*** MATERIAL PROVIDED Section Begins ***

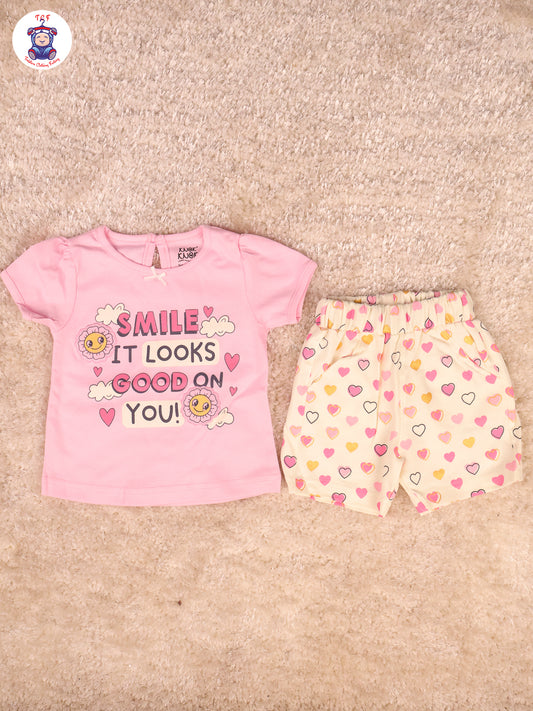 Pink & Half White - Girls Tshirts & Shorts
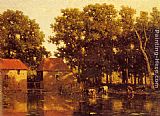 Willem Roelofs Wall Art - A Sunlit River Landscape With Cows Watering
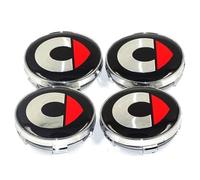 GPKFOLQM 4 Pezzi Auto Coprimozzi, per Smart Fortwo Forfour 450 451 454 453 60MM Auto Ruote Centro Cerchi Copricerchi Cerchioni Copertura Antipolvere Copri Ruota Trim,A
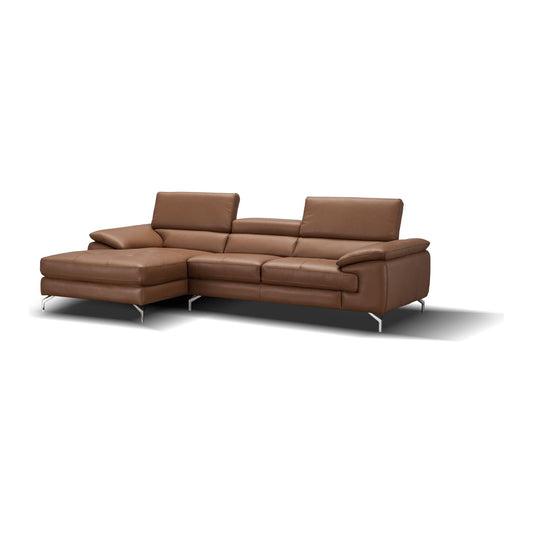 A973B Italian Leather Mini Sectional Left Facing Chaise in Caramel jnmfurniture Sectionals 17906122-LHFC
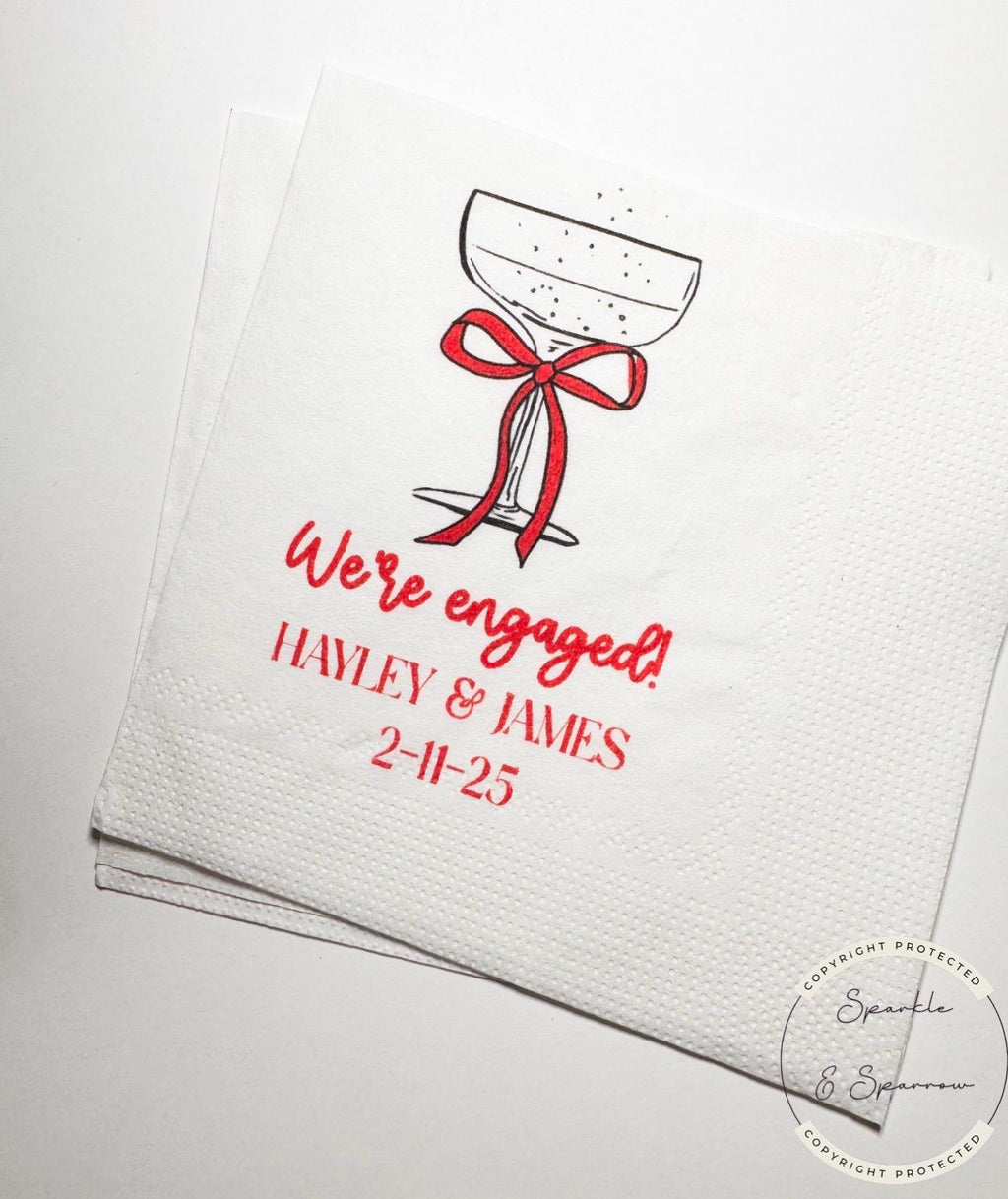 We're Engaged Valentine Engagement Party Champagne Red Bow Love is in the Air Personalized Cocktail, Luncheon or Dinner Napkins Set of 25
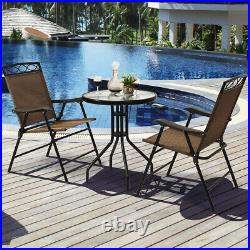 3 PCS Bistro Conversation Patio Pub Dining Set With 2 Folding Chairs & Glass Table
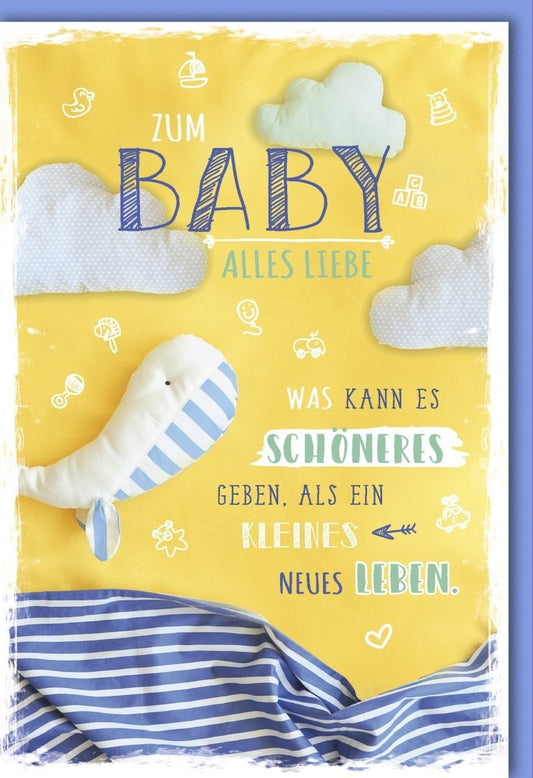 Glückwunschkarte zur Geburt: Neutrale Babykarte mit Wolken, Storch & Schnuller – Perfekt für Babyshower, Junge & Mädchen
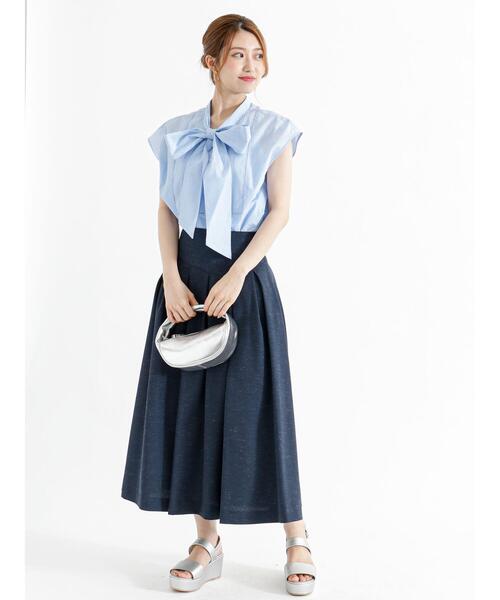 Te chichi（テチチ）の「ハシゴレースボウタイブラウス（シャツ/ブラウス・レディース・ブラック/オフホワイト/ブルー・F）」の5枚目の写真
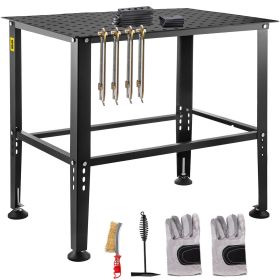 VEVOR Welding Table, 36" x 24" Adjustable Workbench, 0.12" Thick Industrial Workbench, 600lb Load Capacity Metal Workbench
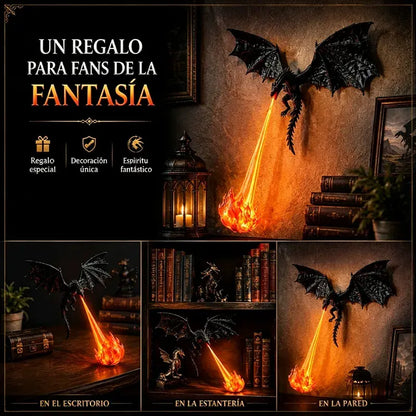 🐉🔥 3D LED lučka zmaja, ki bruha ogenj | Fantazijska svetleča dekoracija knjižne police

*** MATERIAL PROVIDED Section Ends ***

# ACTIVITY
From the records above, copy exactly the stretch from the line holding "Glückwunschkarte zur Geburt: Neutrale" through the line holding "Te chichi（テチチ）", both ends included, without the pictures.

# SOLUTION TO THE PROBLEM
 Glückwunschkarte zur Geburt: Neutrale Babykarte mit Wolken, Storch & Schnuller – Perfekt für Babyshower, Junge & Mädchen
 Te chichi（テチチ）の「ハシゴレースボウタイブラウス（シャツ/ブラウス・レディース・ブラック/オフホワイト/ブルー・F）」の5枚目の写真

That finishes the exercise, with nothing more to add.